There are a few cases, yet, where governments have established some measure of institutional consistency in the detection of collective development goals. Needless to say, the situation diverges from one historical or political framework to another. The majority of developing countries have no substitute but to rely on a strong and focused government to map out a strategic development way. The obstinate theoretical and practical question relics why different types of interventionist states with command over similar resources and instruments of control tend to show extremely conflicting development orientations and end up on dissimilar development paths.

The consensual view is that the great majority have remained "regulatory" or "obstructionist" and are far back on the road to becoming real "development states" that portray the vision and capability needed to promote necessary development goals. Achievement of the latter depending not so much on the dimension of the government apparatus but more on its quality and efficiency. This has been established by the development experience of Nordic and East Asian countries, which have been thriving in meshing interventionist schemes with the market mechanism, as well as in cultivation resilient coalitions of modernizing interests in the structuring of national development agendas. Traditionally, such coalitions have resultant their integrity, credibility, and political legality from the nation's collective aspirations.

The centralization of decision making has been efficiently combined with flexibility in dealing with technical and market conditions. Goals and policies have been continually interpreted and reinterpreted on the basis of organizational networks between party organizations, public officials, and private entrepreneurs. This is not meant to propose that what has worked in the flourishing corporatist models of the Nordic countries and the Sinitic world, particularly Japan, can or should be replicated in the late-developing world. In the first place, the social and cultural homogeneity in both regions have made the counterfeiting of a political consensus much easier.

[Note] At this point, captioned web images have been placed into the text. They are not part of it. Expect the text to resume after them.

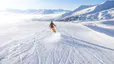 Person skis on a snowy ski slope 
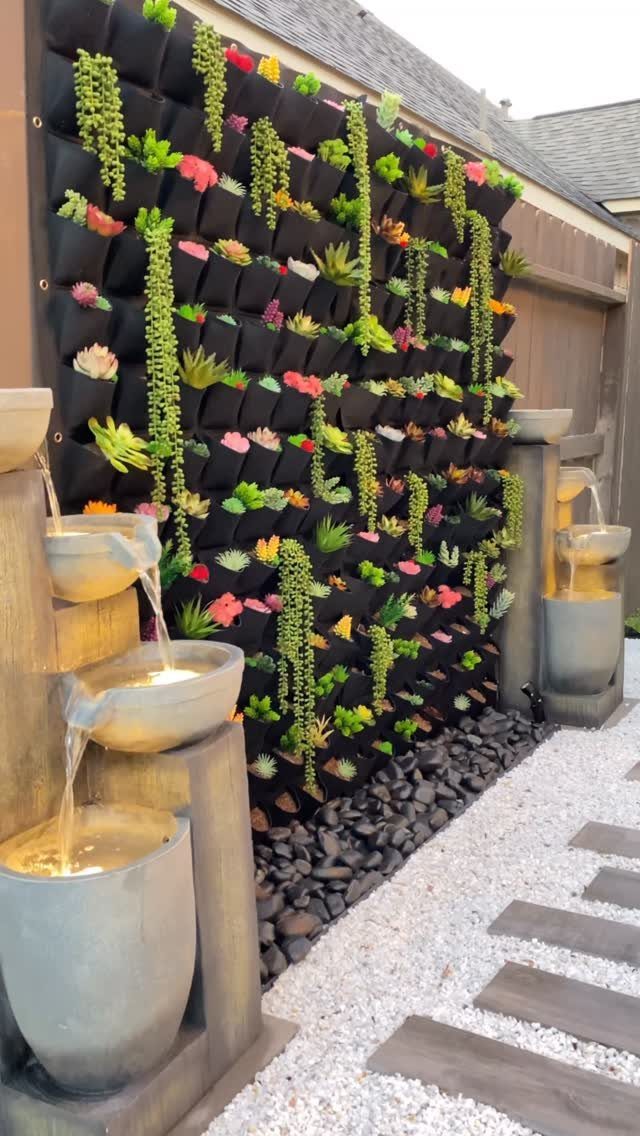 A black vertical wall-mounted planter filled with colorful succulents next to stone water fountains.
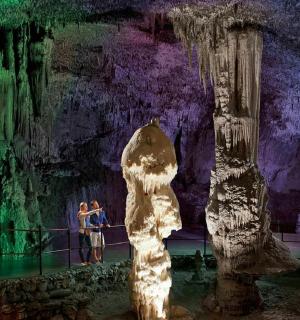 група људи стоји испред пећине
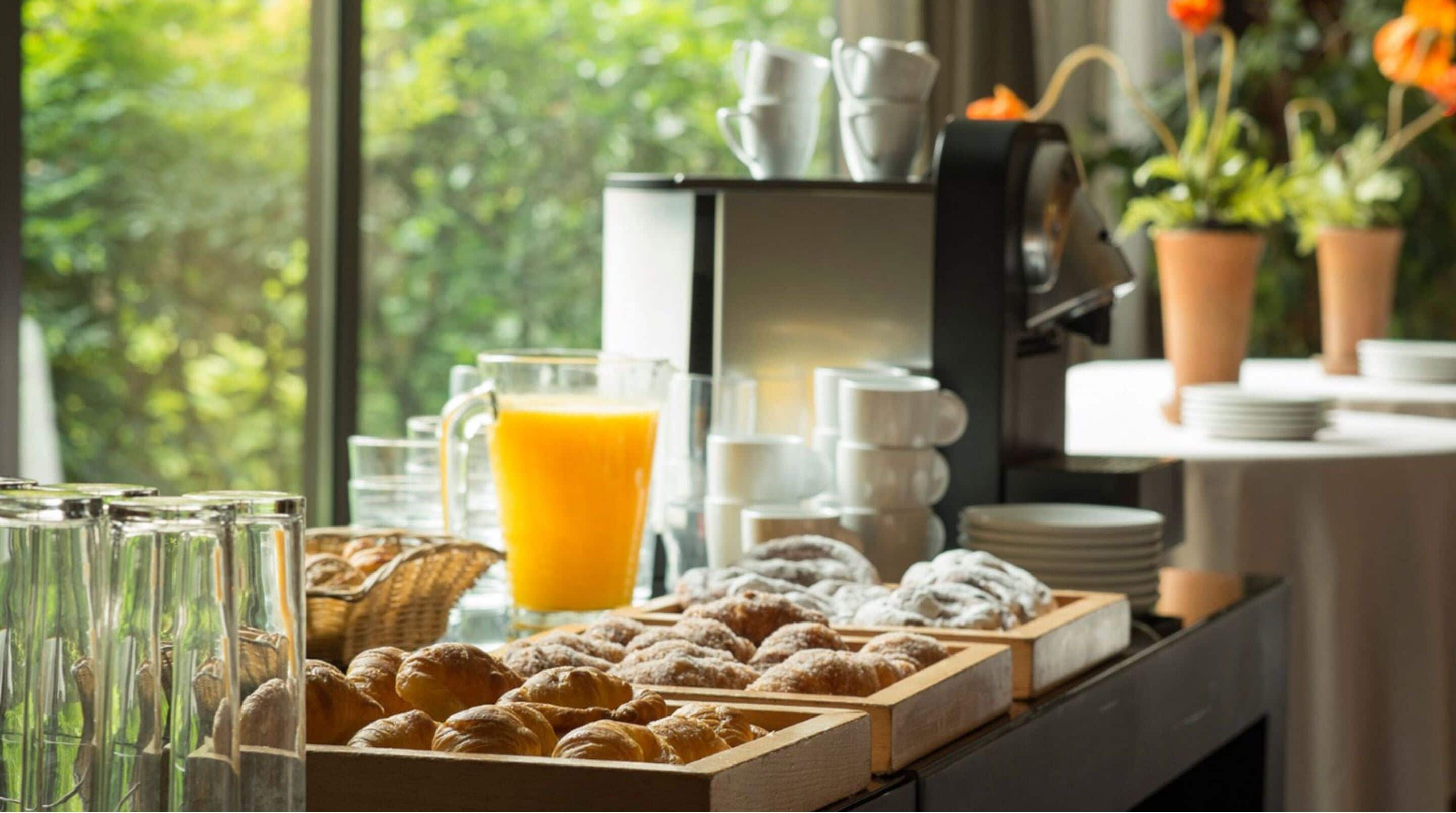 En morgenmadsbuffet med bagværk, en kaffemaskine og et glas appelsinjuice.
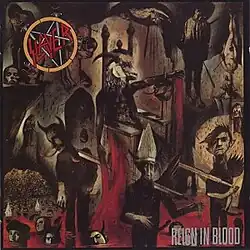 An image of the album cover featuring a demonic creature being carried on a chair by two people on each side. These people are carrying it over a sea of blood where several heads of corpses are floating. In the top left corner of the album is Slayer's logo while in the bottom right corner is the album title "Reign in Blood".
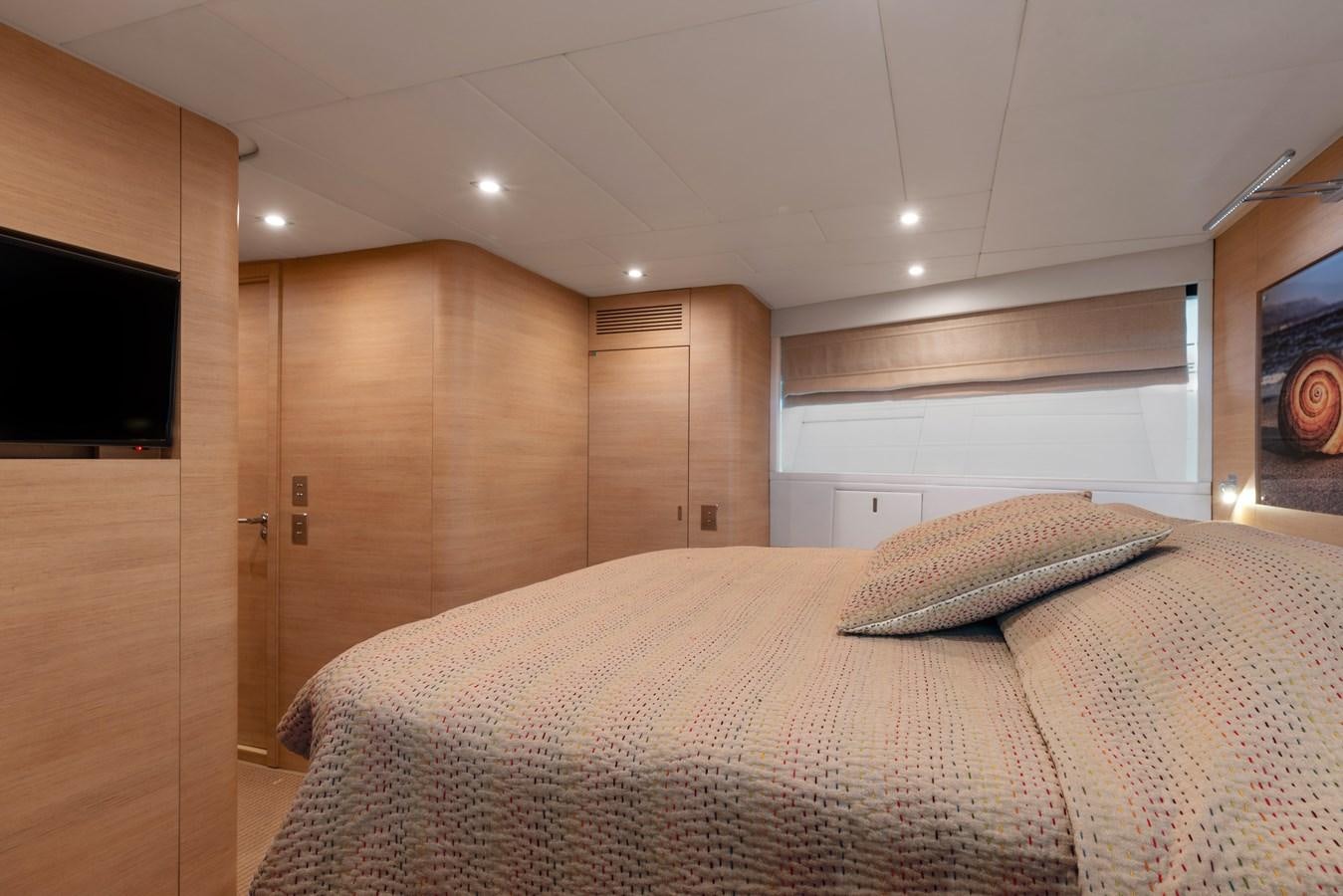 a bedroom with a bed and a wood cabinet aboard BLUE PRINCESS STAR Yacht for Sale
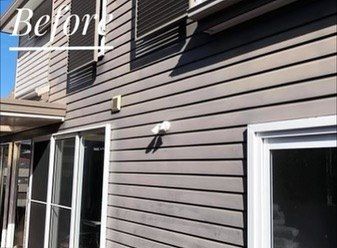 Exterior of a house with gray horizontal siding, white-framed windows, and dark shutters — Stan Painting Services In Thornton, NSW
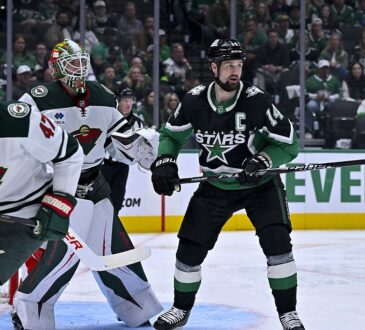 Stars left wing Jamie Benn sets up in front of the net as Wild goaltender Jesper Wallstedt tracks the play.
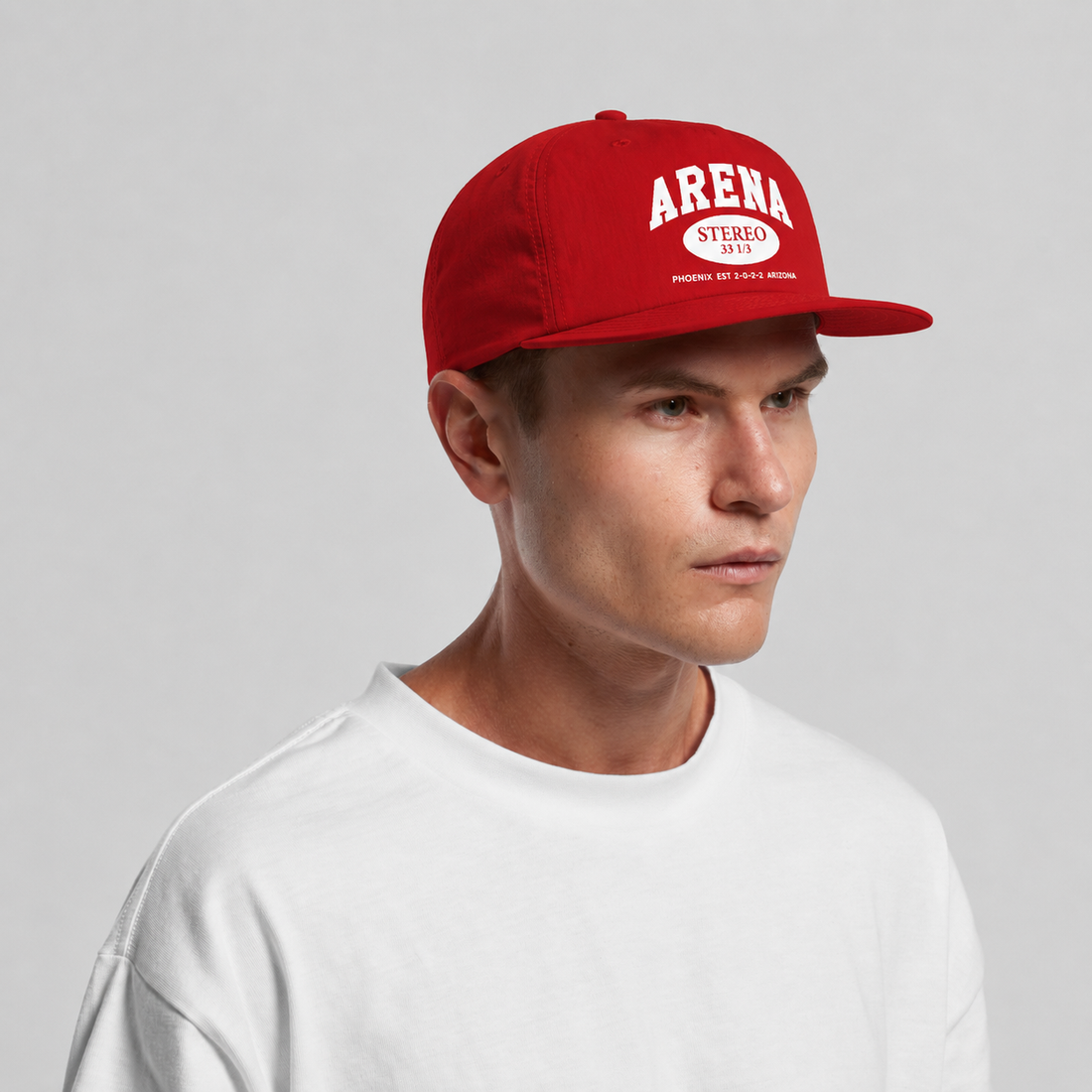 A man wearing a red snapback cap with 'ARENA STEREO' printed in white on the front, paired with a white t-shirt, set against a plain light gray background.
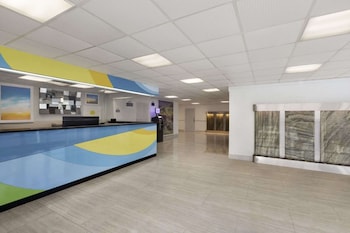 Hotel entrance and lobby at enVision Hotel Miami International Airport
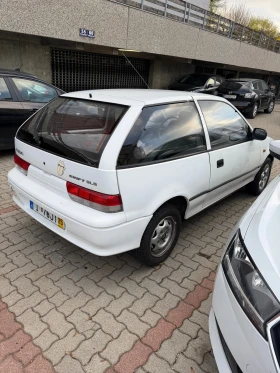 Suzuki Swift 1.0 benzin, снимка 1
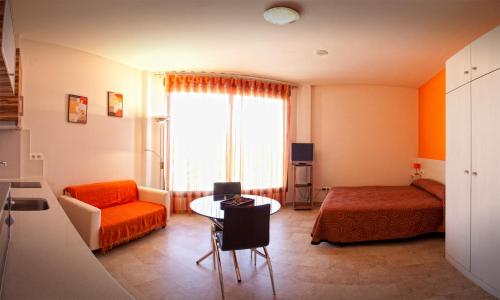 阿尔卡拉拉雷亚尔拉韦德格拉纳达公寓的小房间,配有床和桌子,还有一间房间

Second, the tensions that continuously arise between the spoken interests of organized classes, pressure groups, and the state influential responsible for policy formulation and implementation cannot be resolved in a context free or institutionally neutral manner. The state remains a "strategic actor in the game of mixed conflict and cooperation amongst other groups" (Bardhan 1988: 65). Under the conditions, the nature of developmental outcomes eventually depends on its ability to determine conflicts and make compromises in an open political milieu. The directness of the political process determines the nature and efficacy of the development delivery system and the degree to which consensual relationships can be recognized and nurtured with labor, business, people's organizations, and the rustic sector.